We have a utility truck that is a chevy 2500 which we purchased at auction from a local utility. It has an CNG system which will allow us to use less expensive compressed natural gas to fuel the truck, and it automatically transfers over to fuel if the CNG runs out. Equivilent to gas, it runs about 1.85 a gasoline gallon equivilent, but there is only 1 public station here.

I've considered buying a compresser, special and expensive compressor, which you can put at the shop at it will fill the truck overnight.

Has anyone had any experience with these? Anyone run propane, LPG, or CNG on a lawn truck to save fuel or sell their services as a "green" operation?

ffemt1271
08-03-2011, 07:09 PM
had a propane truck where i worked during high school, you could go a year and still read the writing on the dipstick thru the oil.

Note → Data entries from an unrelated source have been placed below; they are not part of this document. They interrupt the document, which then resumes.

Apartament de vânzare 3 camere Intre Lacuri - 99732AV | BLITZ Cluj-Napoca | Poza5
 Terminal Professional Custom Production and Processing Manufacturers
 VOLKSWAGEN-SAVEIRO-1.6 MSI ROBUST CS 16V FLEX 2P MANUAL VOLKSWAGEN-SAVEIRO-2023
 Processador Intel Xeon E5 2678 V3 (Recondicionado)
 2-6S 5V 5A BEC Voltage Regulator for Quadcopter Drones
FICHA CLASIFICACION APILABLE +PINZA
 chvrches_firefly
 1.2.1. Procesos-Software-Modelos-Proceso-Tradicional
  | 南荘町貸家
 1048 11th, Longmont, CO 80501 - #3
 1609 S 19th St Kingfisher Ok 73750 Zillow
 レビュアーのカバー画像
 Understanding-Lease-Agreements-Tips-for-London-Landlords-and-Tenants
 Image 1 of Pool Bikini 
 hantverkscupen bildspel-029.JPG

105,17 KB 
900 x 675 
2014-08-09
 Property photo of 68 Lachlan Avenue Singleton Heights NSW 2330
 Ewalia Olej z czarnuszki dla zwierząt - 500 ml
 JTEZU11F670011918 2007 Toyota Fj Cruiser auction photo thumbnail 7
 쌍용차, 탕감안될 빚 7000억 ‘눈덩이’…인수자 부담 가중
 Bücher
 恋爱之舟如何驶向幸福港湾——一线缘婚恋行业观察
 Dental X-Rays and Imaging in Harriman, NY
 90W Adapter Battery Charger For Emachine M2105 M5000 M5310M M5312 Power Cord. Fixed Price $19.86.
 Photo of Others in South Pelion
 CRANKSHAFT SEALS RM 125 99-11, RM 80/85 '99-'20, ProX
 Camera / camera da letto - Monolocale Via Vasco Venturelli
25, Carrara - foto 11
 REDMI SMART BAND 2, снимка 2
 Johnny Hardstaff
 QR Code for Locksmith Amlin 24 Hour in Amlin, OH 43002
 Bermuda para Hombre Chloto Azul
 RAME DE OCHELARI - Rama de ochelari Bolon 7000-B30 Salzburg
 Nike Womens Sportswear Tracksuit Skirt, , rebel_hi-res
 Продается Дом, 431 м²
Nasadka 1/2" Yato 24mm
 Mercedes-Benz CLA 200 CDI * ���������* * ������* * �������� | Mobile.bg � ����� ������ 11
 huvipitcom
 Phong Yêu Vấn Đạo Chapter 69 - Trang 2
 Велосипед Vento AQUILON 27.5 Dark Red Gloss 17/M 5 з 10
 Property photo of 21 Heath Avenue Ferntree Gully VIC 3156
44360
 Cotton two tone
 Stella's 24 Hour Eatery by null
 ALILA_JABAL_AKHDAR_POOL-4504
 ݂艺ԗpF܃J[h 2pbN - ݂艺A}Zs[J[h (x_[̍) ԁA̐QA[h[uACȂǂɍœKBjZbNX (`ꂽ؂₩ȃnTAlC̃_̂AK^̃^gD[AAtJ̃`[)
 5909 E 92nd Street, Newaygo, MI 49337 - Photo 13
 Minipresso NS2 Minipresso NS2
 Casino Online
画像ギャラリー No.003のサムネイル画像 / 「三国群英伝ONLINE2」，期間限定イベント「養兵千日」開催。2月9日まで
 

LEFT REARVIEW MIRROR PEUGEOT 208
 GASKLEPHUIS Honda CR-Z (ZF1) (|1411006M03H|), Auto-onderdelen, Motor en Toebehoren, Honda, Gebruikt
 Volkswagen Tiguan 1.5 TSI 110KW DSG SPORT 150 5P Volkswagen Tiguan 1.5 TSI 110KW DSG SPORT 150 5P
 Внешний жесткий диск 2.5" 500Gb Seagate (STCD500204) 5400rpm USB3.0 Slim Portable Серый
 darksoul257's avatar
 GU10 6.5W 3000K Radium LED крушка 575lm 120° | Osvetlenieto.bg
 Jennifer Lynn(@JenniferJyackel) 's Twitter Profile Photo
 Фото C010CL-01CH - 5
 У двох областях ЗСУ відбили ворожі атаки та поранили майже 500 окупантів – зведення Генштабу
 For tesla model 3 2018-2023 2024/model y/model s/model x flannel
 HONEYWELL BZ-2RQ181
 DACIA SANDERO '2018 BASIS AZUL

i havent had any experience with the compressors but it could benefit you if you convert your fleet or buy new stuff running on CNG. There are lots of tax breaks and benefits out there for going to alternative fuel.

I'm a big advocate of CNG, and replacement vehicles will come with cng from now on.

this was my neighbor for a few months...

Maco Services
08-03-2011, 07:21 PM
I've got an engineering back ground, and lived in TX, and various coastal regions, those rigs bring back memories.

I think any equipment that has fuel flexability is a great thing. It keeps the market in check more quickly, as users can change from tank to tank instead of each time they buy a vehicle. I'm certainly going to keep my eye out for these, especially on the used market. I've been involved with a handful of alternative fuel companies, and our next venture will be along the same lines. Save to oil for plastics and lubrication, domestically we've got plenty of ways to fuel the countries transit needs, but the higher the cost, the longer the transition time.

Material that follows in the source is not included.